* _To do_
Copy each record below exactly, please, and leave its pictures out.

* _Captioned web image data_
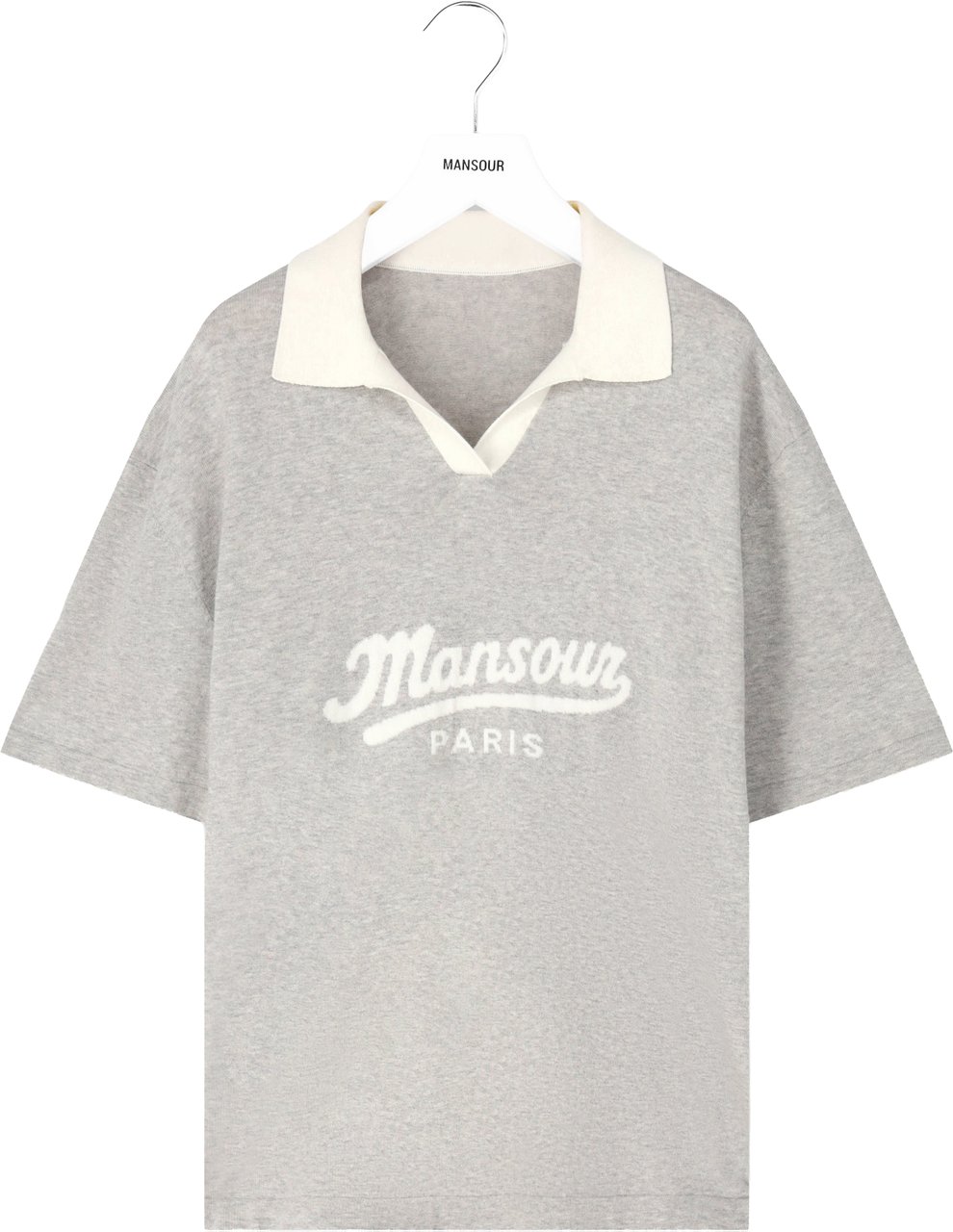 Mansour Jacquard Knitted Polo Grey Grijs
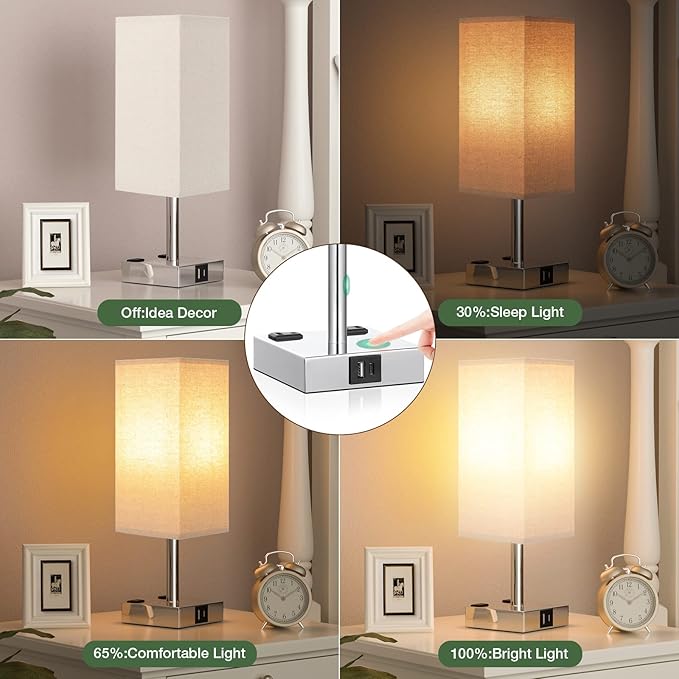 aooshine Beige Set of 2 Touch Lamp with USB Port-Nightstand Lamp with USB-C+A Charge Ports& AC Outlets, 3-Way Dimmable Bedside Lamp with Shade,Small Table Lamp for Bedroom Living Room(Bulb Included) - LeafyLoom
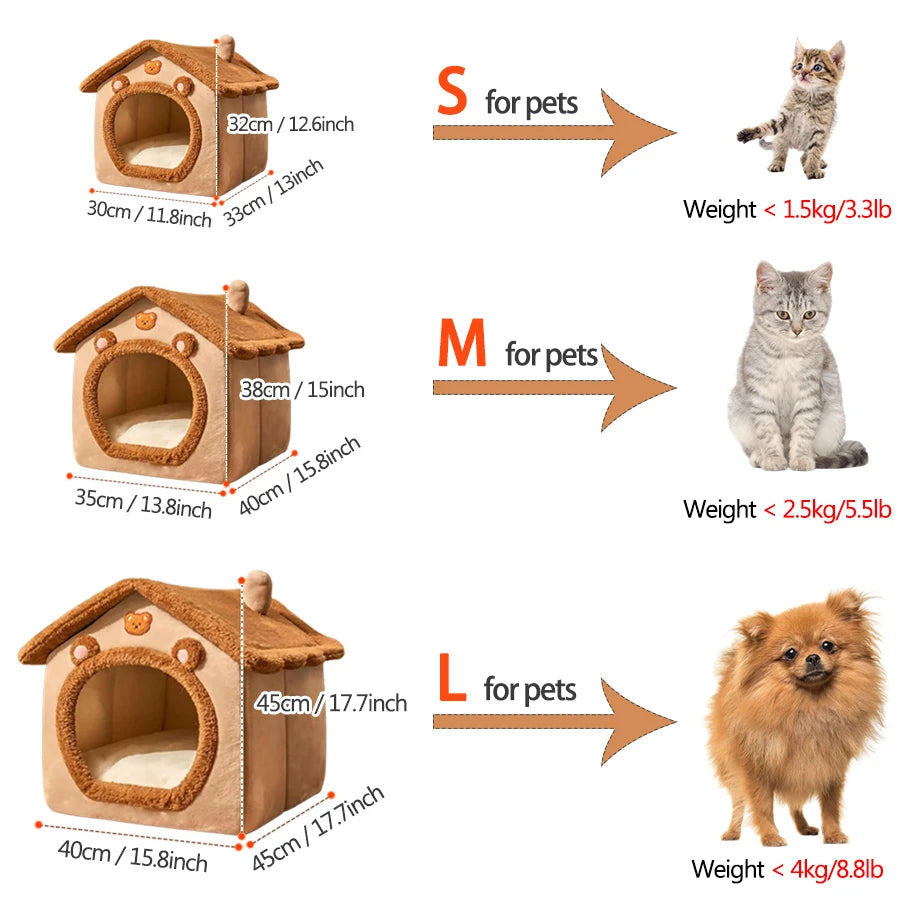 Foldable Pet House Removable Washable Cat House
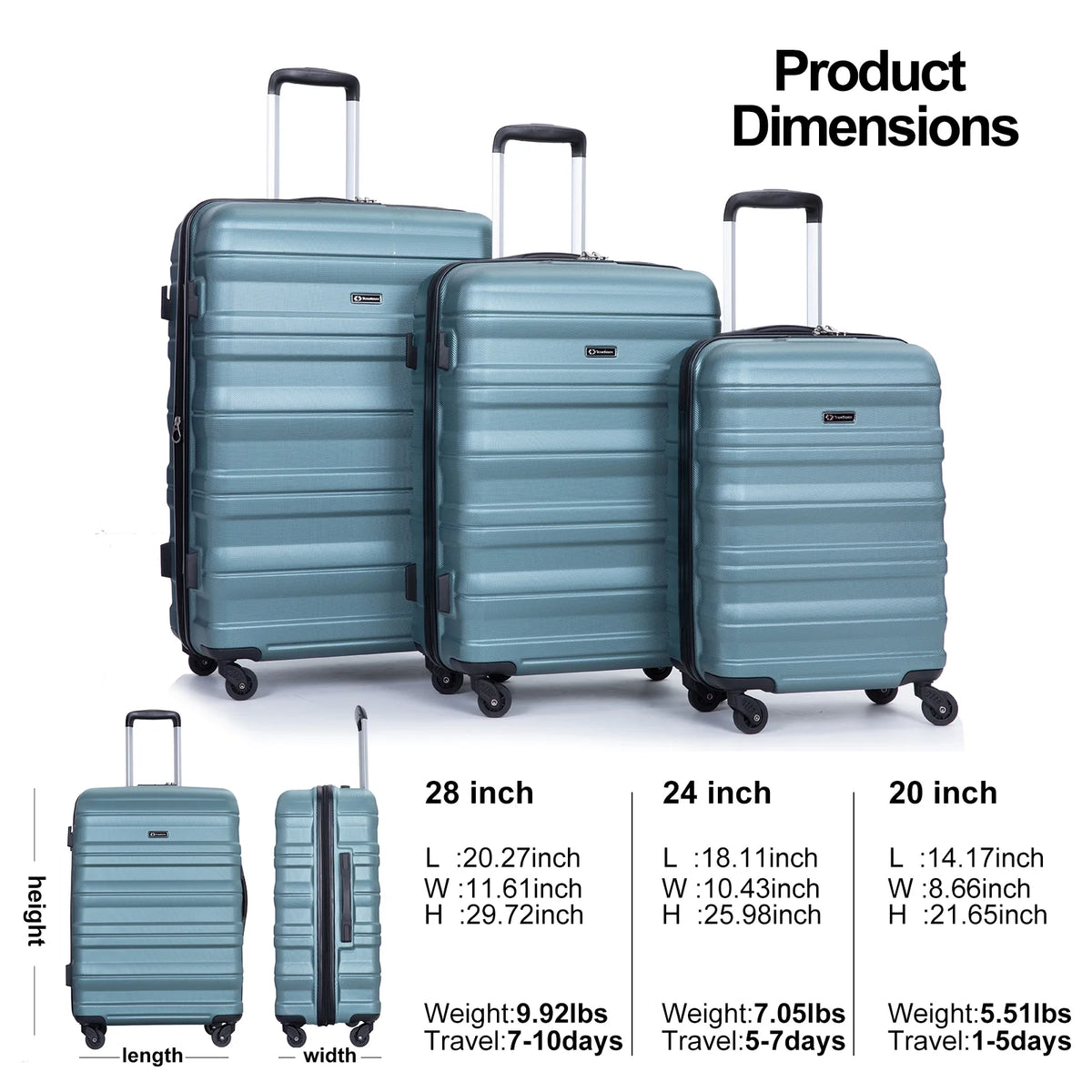 Tripcomp Hardside Luggage Set 3-Piece Set (21/25/29) Lightweight Suitcase 4-Wheeled Suitcase Set(Purple)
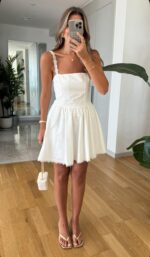 White Lace Trim Mini Dress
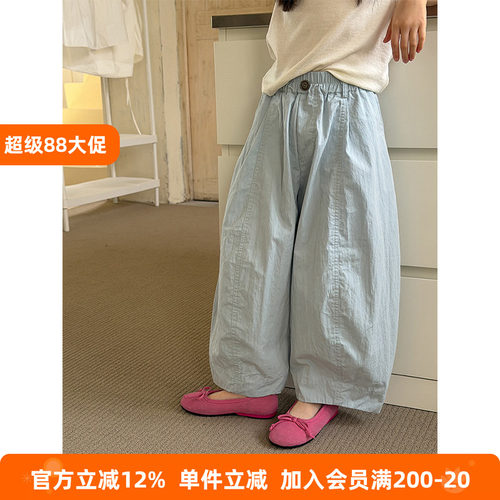BEIFU贝芙儿童夏季薄款透气拼接直筒裤早秋女童休闲阔腿防蚊裤子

* _Task output_
 Mansour Jacquard Knitted Polo Grey Grijs
 aooshine Beige Set of 2 Touch Lamp with USB Port-Nightstand Lamp with USB-C+A Charge Ports& AC Outlets, 3-Way Dimmable Bedside Lamp with Shade,Small Table Lamp for Bedroom Living Room(Bulb Included) - LeafyLoom
 Foldable Pet House Removable Washable Cat House
 Tripcomp Hardside Luggage Set 3-Piece Set (21/25/29) Lightweight Suitcase 4-Wheeled Suitcase Set(Purple)
 White Lace Trim Mini Dress
BEIFU贝芙儿童夏季薄款透气拼接直筒裤早秋女童休闲阔腿防蚊裤子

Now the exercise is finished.